Plus que toutes les autres, les œuvres de Chostakovitch sont le reflet des vicissitudes du peuple russe. Elles racontent les bouleversements politiques qui ont jalonné la vie tourmentée du compositeur et de sa patrie, et se font les porte-voix des victimes de l’oppression.
Dmitri Chostakovitch naît en 1906, quelques mois seulement après le déclenchement de la révolution de 1905. Plutôt que les chants populaires et les contes folkloriques slaves, ce sont les airs révolutionnaires d’une Russie en pleine ébullition qui parviennent aux oreilles de l’enfant. La révolution d’Octobre éclate lorsqu’il n’a que 11 ans et la violence des événements stimule déjà sa créativité, qui prend une tangente on ne peut plus claire : il compose une Petite symphonie révolutionnaire, un Hymne à la liberté et une Marche funèbre pour les victimes de la Révolution.

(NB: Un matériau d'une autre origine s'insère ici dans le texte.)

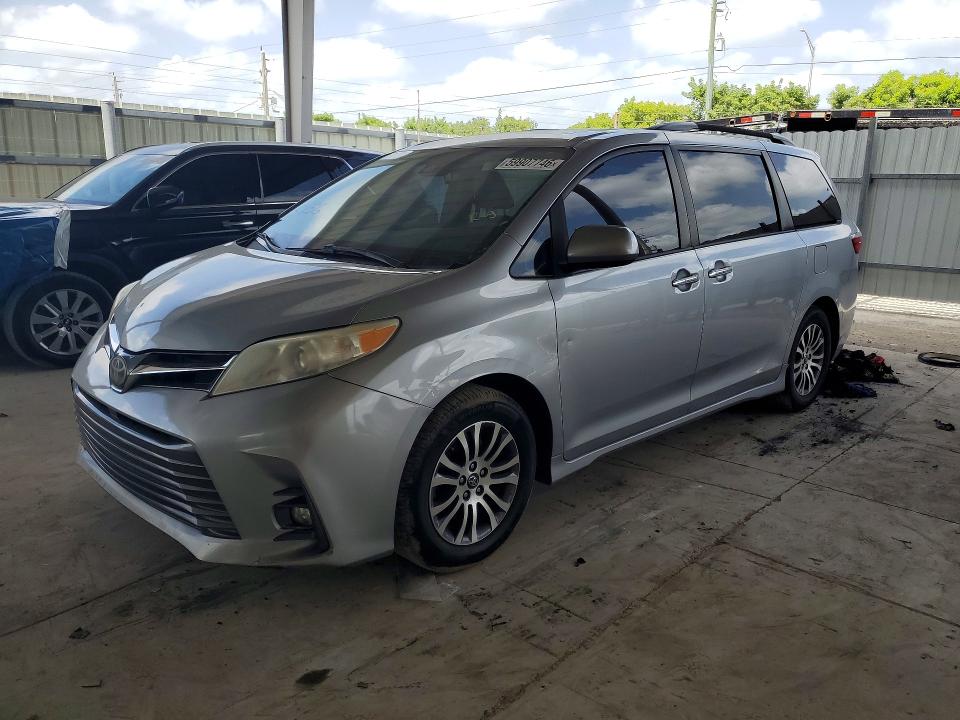 2018 Toyota Sienna VIN 5TDYZ3DC2JS905000 COPART salvage auction — MINOR DENT/SCRATCHES, Fl - Certificate Of Title (P), sold $7,000 on 2026-07-22 (photo 1)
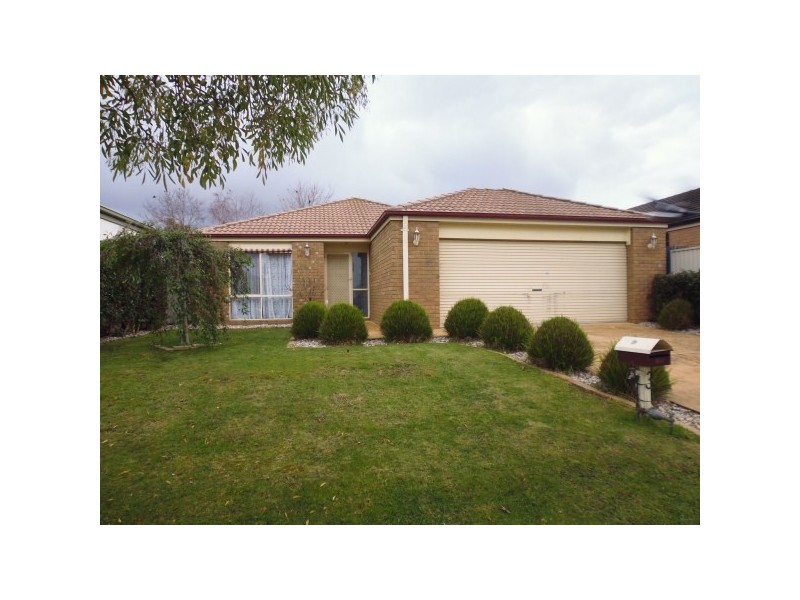 3 Oakmont  Place, Cranbourne West VIC 3977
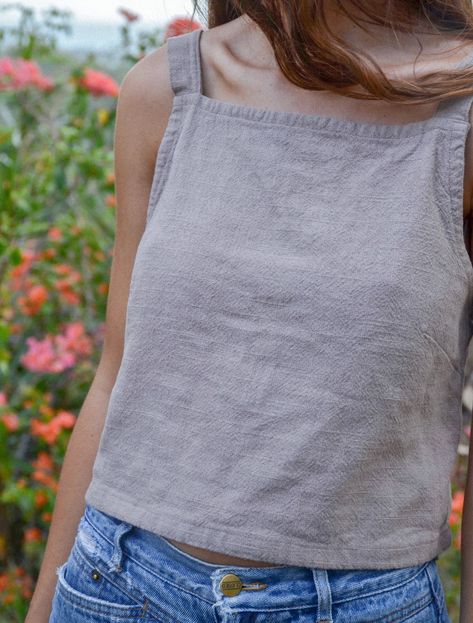 Linen Tank Top/ Adjustable Straps/ Top Sewing Pattern Size Eu - Etsy Easy Linen Tank Top Pattern, One Yard Top Sewing Pattern, Crop Tank Sewing Pattern, Linen Tank Pattern, Tank Pattern Sewing, Linen Tank Top Sewing Pattern, Handmade Linen Clothes, Easy Linen Top Pattern, Easy Sew Tank Top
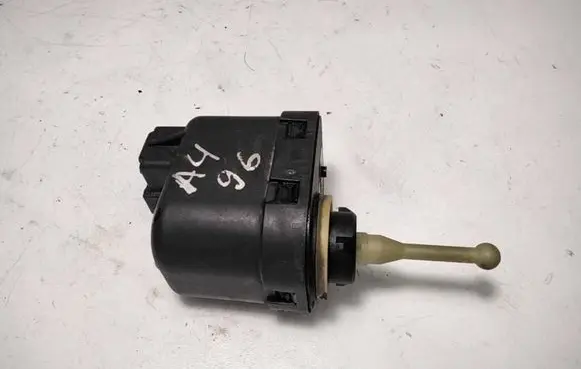 Audi A4 S4 B5 8D Headlight level adjustment motor 6K5941295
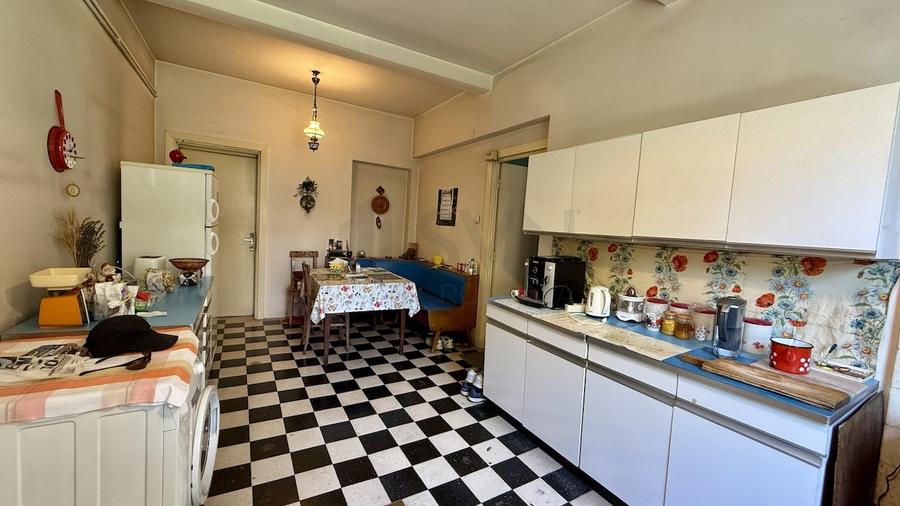REA1028895 Apartament in vila interbelica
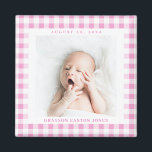 Pink Gingham Karo Baby Birthdate Magnet<br><div class="desc">Der süße,  blütige Gingham-Karo ist ein charmanter Weg,  um das Foto eines neuen Babys zu rahmen und die Ankunft mit einem quadratischen Magneten mit dem Namen und Geburtstag zu feiern. Machen Sie diesen Baby-Magneten für einen neuen Elternteil,  Großeltern und Familie oder Freunde.</div>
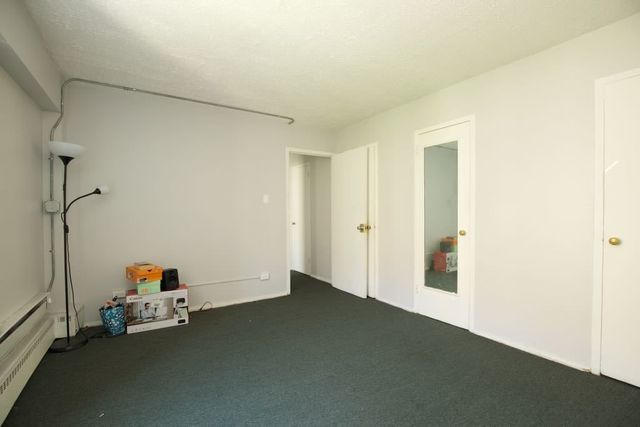 7333 N Ridge Boulevard 201, Chicago, IL 60645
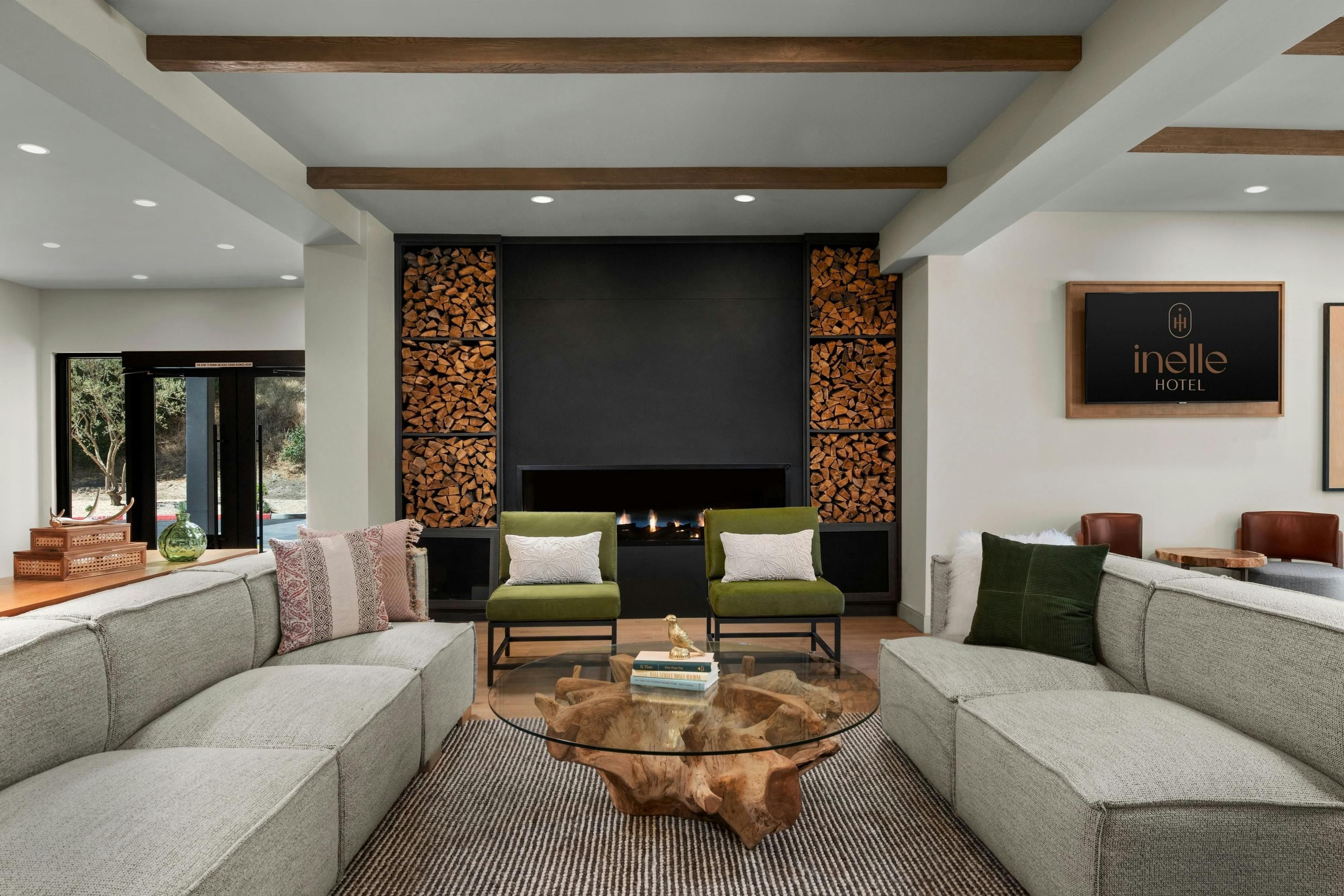 The Inelle, Oakhurst Yosemite, a Tribute Portfolio Hotel - Oakhurst - Lounge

Bien des années plus tard, afin de commémorer les 40 ans de la chute du régime tsariste, le gouvernement encourage les artistes à produire des œuvres inspirées par cette période marquante de l’histoire russe. Chostakovitch y voit l’occasion d’écrire sa Onzième Symphonie et choisit pour thème les événements de 1905 – plus particulièrement ceux du « Dimanche rouge » –, qui ont mené à la révolution d’Octobre de 1917. La symphonie reprend la structure classique en quatre mouvements, mais ceux-ci commencent tous attacca (sans pause), ce qui confère plutôt à l’œuvre l’aspect d’un long poème symphonique racontant de façon programmatique la funeste journée du 9 janvier 1905.
La symphonie s’ouvre sur un adagio sous-titré « La place du Palais », qui met en scène un décor annonciateur des bouleversements à venir. Dans ce prologue, « la morne harmonie vide et statique des cordes peint l’aurore sinistre de ce mémorable matin d’hiver, se levant sur les places désertes de la Saint-Pétersbourg impériale », selon les termes du musicologue Grigori Schneerson. Cette atmosphère lugubre, oppressante et autocrate a de quoi plonger l’auditoire dans une attente anxieuse, presque hypnotique.

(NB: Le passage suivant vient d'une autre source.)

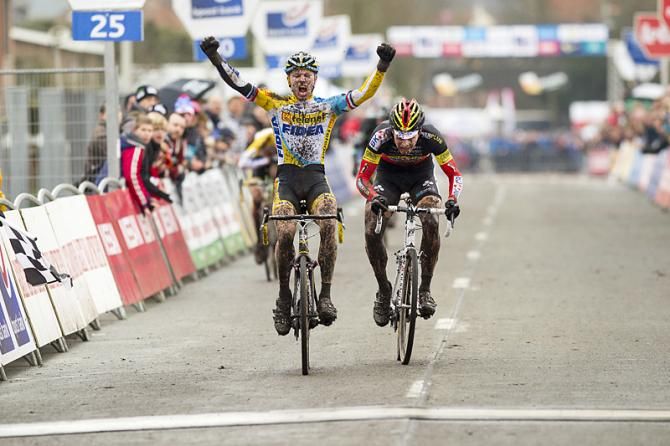 Corn&eacute; van Kessel out-sprints Wietse Bosmans in Loenhout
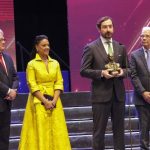 Udima recibe premio nacional Juan Pablo Duarte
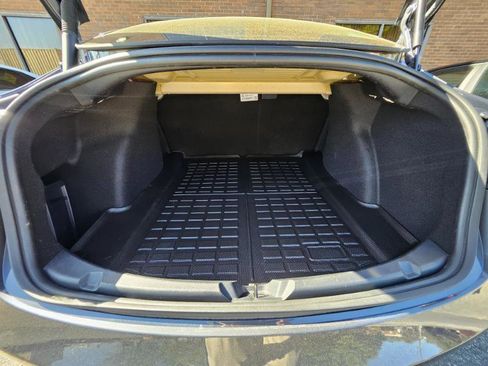 Used 2023 Tesla Model 3 Standard Range image 62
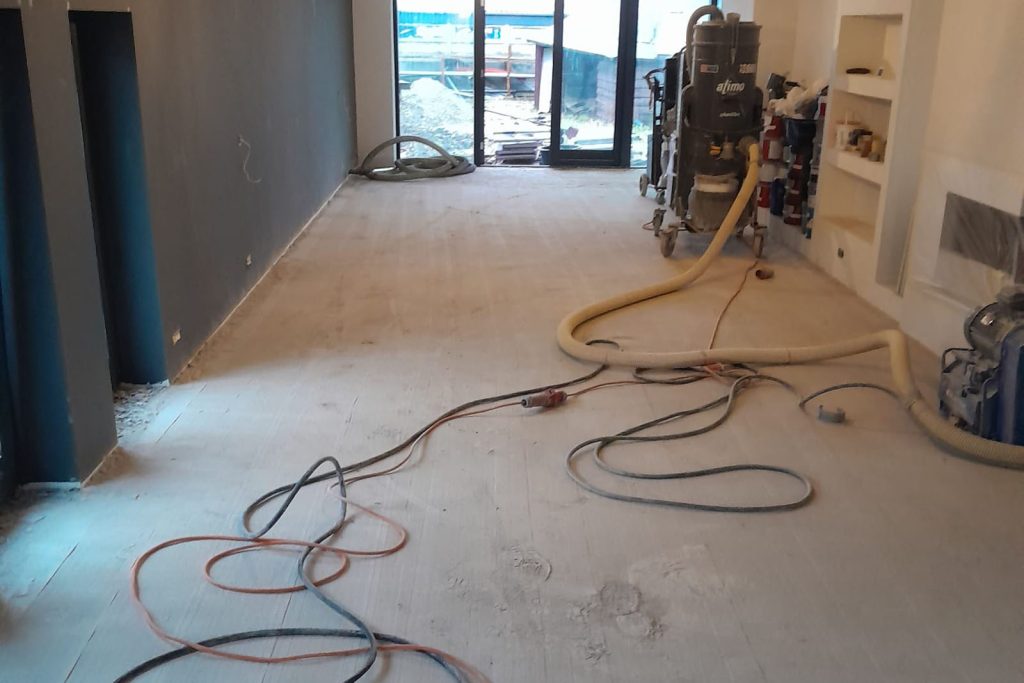 Renovatie betonvloer woning Waverveen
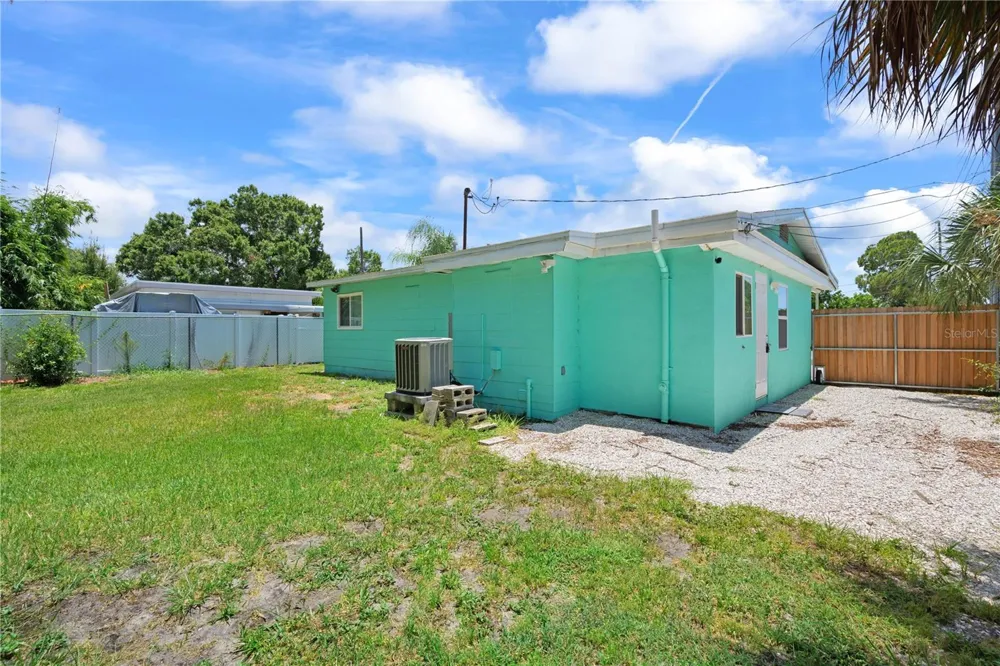 6761 HIBISCUS AVENUE S South Pasadena, FL 33707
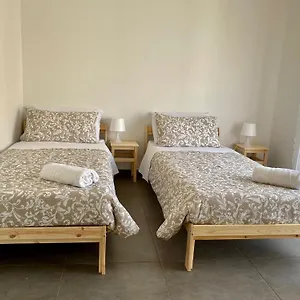 Le Sorelle Apartment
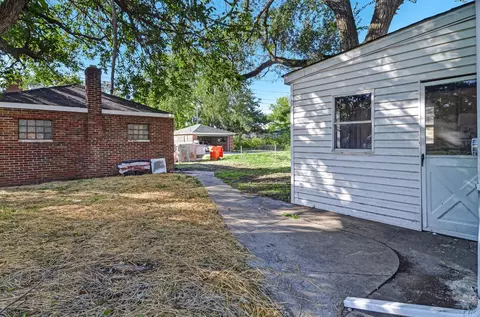 4109 W 10th Ave, Gary, IN 46404 photo 19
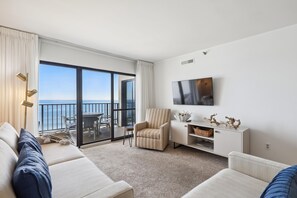 Group,Living Area, - FREE DAILY ACTIVITIES! LINENS INCLUDED*!  The PLAZA. Direct Oceanfront 2BR/2BA condo with semi-private den that can be closed off. (Ocean City)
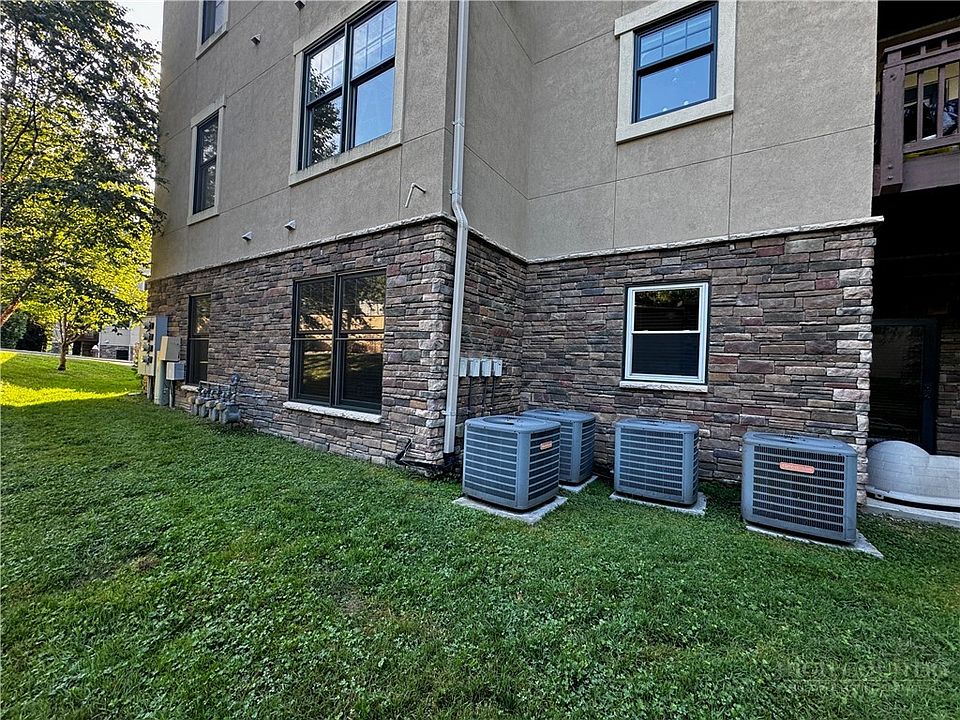 1st image of 140 Gateway #102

Les cordes graves viennent briser ce calme étouffant avec l’arrivée de l’allegro, « Le 9 janvier », qui met en scène la foule de travailleurs réunis devant le palais du tsar. Une fugue se déploie avec frénésie, menant inexorablement au terrible massacre perpétré par les cosaques qui tirent à bout portant sur les manifestants rassemblés; illustré ici par un impressionnant tumulte de cuivres et de percussions. Après un dernier coup de feu, le mouvement retrouve sa tranquillité initiale… à la différence que sur la Place du Palais gisent désormais des corps inertes.

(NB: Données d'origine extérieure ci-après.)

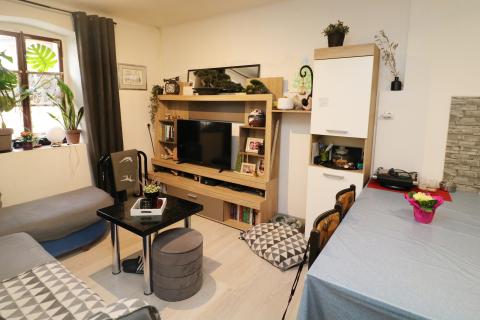 POREČ, okolica- kamena kuća u centru mjesta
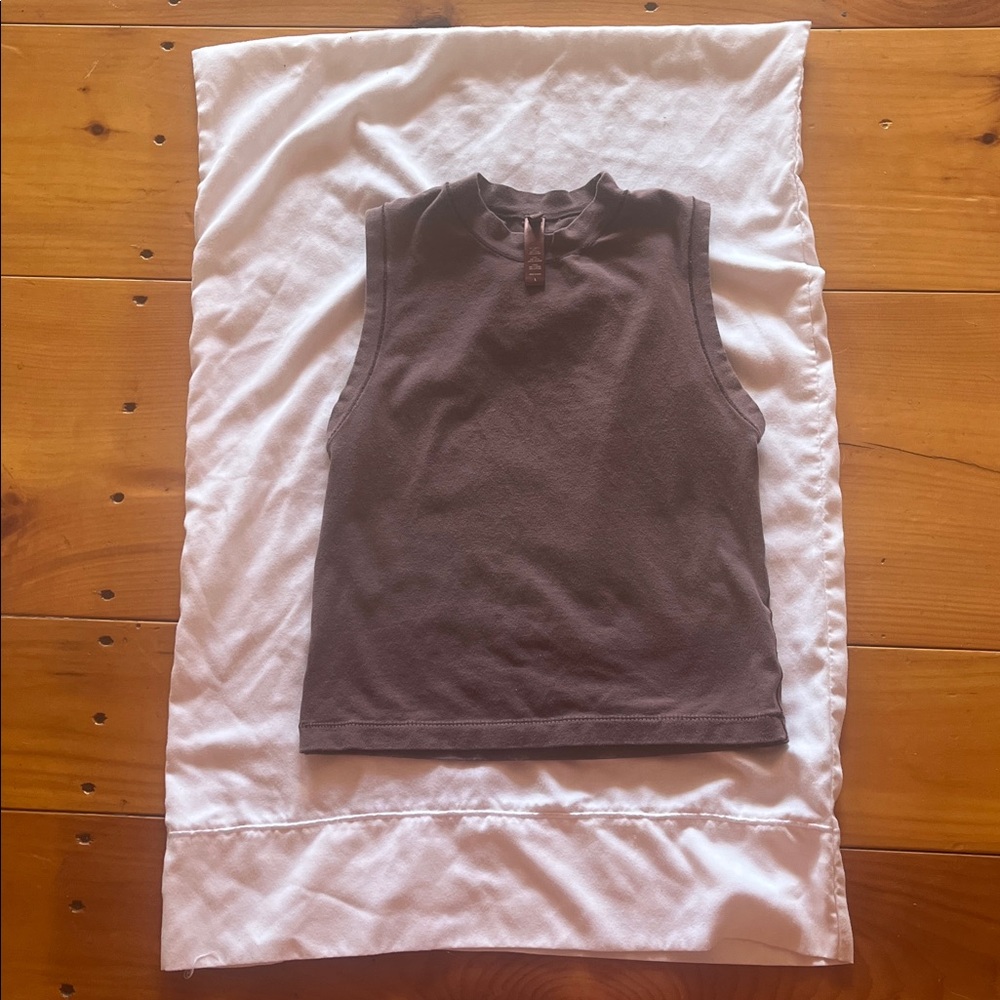 Sleeveless cropped T-shirt.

Le troisième mouvement, « In Memoriam », est un Adagio qui s’amorce dans le dénuement le plus total, habillé seulement des pizzicati des cordes basses. Les altos s’y posent délicatement, entonnant Le chant des survivants, une marche révolutionnaire russe. Cette lente procession fait office de lamentation funèbre à la mémoire des héros tombés.
« Le tocsin », quatrième et dernier mouvement, interrompt soudainement ce cortège. La fureur a gagné la population, qui appelle à la révolution. Dans un finale absolument enlevant, Chostakovitch reprend plusieurs des thèmes populaires qui ont traversé sa symphonie. L’œuvre monumentale se termine avec la promesse d’un peuple triomphant et du châtiment des bourreaux, dont les cloches se font les prophètes.
Chostakovitch a incorporé dans sa Symphonie plusieurs chants ouvriers et révolutionnaires de 1905, telle la marche funèbre « Vy zhertvoiu pali » (Vous êtes tombés en victimes), que Lénine aurait entonné avec ses compagnons en apprenant les atrocités du Dimanche rouge. Avec ces airs populaires qui traversent la partition en entier, la symphonie incarne littéralement la voix du peuple. La partition est créée le 30 octobre 1957 à Moscou et reçoit un accueil unanime – chose rare pour le compositeur – lui valant même le prix Lénine.